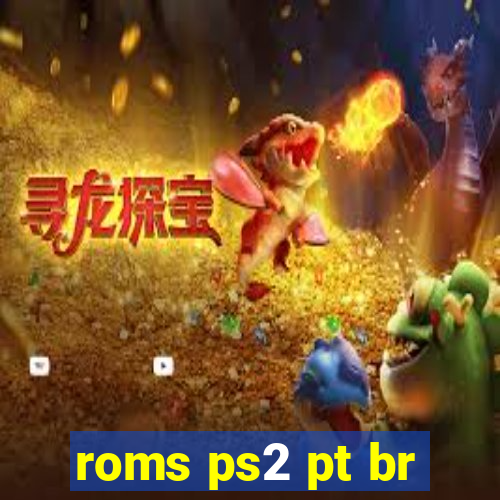 roms ps2 pt br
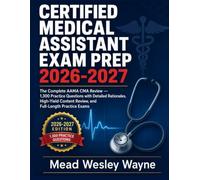 Certified Medical Assistant Exam Prep 2026-2027: The Complete AAMA CMA Review - 1,300 Practice Questions with Detailed Rationales, High-Yield Content Review, and Full-Length Practice Exams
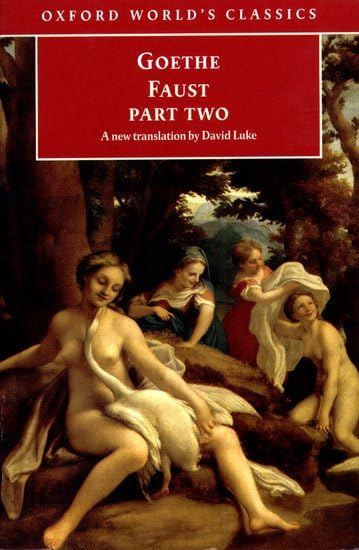 Faust: Part Two (Oxford World's Classics)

§ Aim of the exercise: Take the line that contains "Certified Medical Assistant" and all lines after it to the end of the material above, and copy them verbatim without any images.

§ Answer section:
 Certified Medical Assistant Exam Prep 2026-2027: The Complete AAMA CMA Review - 1,300 Practice Questions with Detailed Rationales, High-Yield Content Review, and Full-Length Practice Exams
 Faust: Part Two (Oxford World's Classics)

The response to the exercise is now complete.